Key Technology Evaluation 
Technology options like an 8.8-inch iDrive control display and an 80GB media server are available for the 1 M Coupe, but some of the most noteworthy tech gems can be found within its M3-derived underpinnings. For instance, the M variable differential works with the dynamic stability control system to alter how aggressively power is laid down to the road. The mostly aluminum, five-link rear suspension setup pulled from the M3 is a tried-and-true masterpiece of performance engineering, while the M compound brakes deliver breathtaking stopping strength and the M3 sourced steering rack provides excellent feel. The 1 M Coupe's standout features may not appease tech geeks, but they'll certainly satisfy track day junkies.
 
Interior 
Modesty and understatement rules the interior of this four-seat coupe. "This is probably the most driver-oriented cabin of any BMW," declares M Brand Manager Matt Russell, and we think that's a great thing; you can only order the 1 M Coupe with orange contrast-stitched Black Boston leather with discreet touches of anthracite Alcantara.
 
Exterior 
Refined in BMW's Munich-based wind tunnel, the 1 M Coupe's exterior offers a telling visual representation of the car's voracious appetite for road. Though the four-cm-wide fender flares lend it a mean appearance, they contribute to an SUV-like drag coefficient of .37; however, the so-called "air curtain system" created by the vertical slats in the grille helps smooth airflow over the front wheels.
 
Market Segment and Pricing 
BMW executives say the M3 was the only car the 1 M Coupe was benchmarked against, and given its 1,000 car allotment for the 2011 model year, we believe them.
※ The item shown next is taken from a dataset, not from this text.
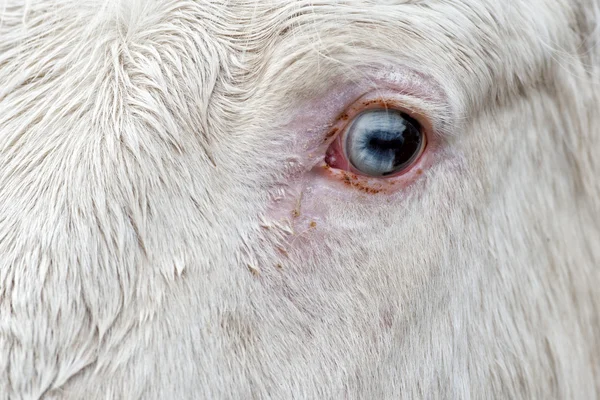 Biały koń niebieski oko — Zdjęcie stockowe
This is a niche vehicle tailored to a small subset of enthusiasts who aren't put off by its Lilliputian dimensions. That said, the Audi TT RS ($56,850) and Porsche Cayman R ($66,300) are perhaps the two most comparable examples on the market, and their base prices exceed the BMW's fully loaded MSRP of $54,085. 
 
What We Think 
In the face of big, heavy sports cars powered by gas-guzzling engines, we found ourselves refreshed to climb into the BMW 1 M Coupe's compact cabin, and even more thrilled to drive it. It may not offer the cargo capacity of a 3 Series, the passenger room of a 5 Series, or the magic carpet ride of a 7 Series, but the sensations from behind the wheel—the steering feel, the way the twin-turbocharged six-cylinder spools up seamlessly and pushes you into your seat, and how it digs into tarmac with seemingly endless grip—is the stuff that makes the driving cognoscenti swoon. If hardcore driving is your thing, the BMW 1 M Coupe may just be your ideal ride.